Jill Rutter: It is not so much a north-south divide as an inner city-town divide, or a city-town divide. There are some differences in attitudes between the more diverse cities and the less diverse towns, and that can be partly put down to social contact, but there are other factors. In some of those so-called red wall towns, people have relatively little social contact with migrants, and where they do, people have perhaps come to do specific jobs in specific industries. For example, the distribution sector is heavily reliant on a migrant workforce, and poor management of some of those local issues has perhaps impacted on public concerns.

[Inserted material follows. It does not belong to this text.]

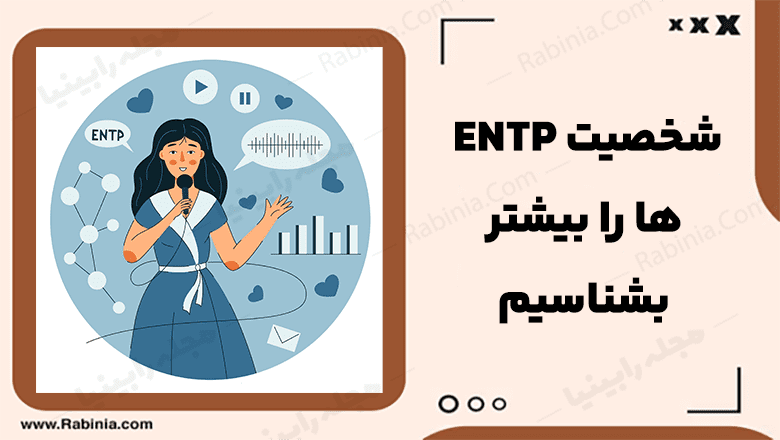 شخصیت ENTP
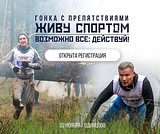 Гонка с препятствиями «Живу спортом» пройдёт 2 ноября в Одинцовском парке культуры, спорта и отдыха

In England, we have the controlling migration fund, which is quite a successful way of dealing with those local impacts: I think its money has been well spent. However, that funding will end, and no successor to that fund has yet been announced. It is vital that that fund is continued, and that its funding is increased if we can manage to do so.
David Goodhart: One of the problems with free movement was that it was so difficult to plan infrastructure: you had huge waves of immigration, and then it fell. We had that experience in 2011-12, when immigration came right down—I seem to remember that the Government almost hit their 100,000 target; net immigration was about 130,000 or 140,000—and then went whizzing up again when the impact of the eurozone crisis hit. That may not be a huge amount when spread across the whole country or lots of big urban centres, but it makes it very difficult to plan your doctors’ surgeries, your school intakes and so on at a micro level. That has been one of the really big problems with free movement, and I think it ought to be more manageable in the future. That has been one of the really big problems with free movement, and I think it ought to be more manageable in the future.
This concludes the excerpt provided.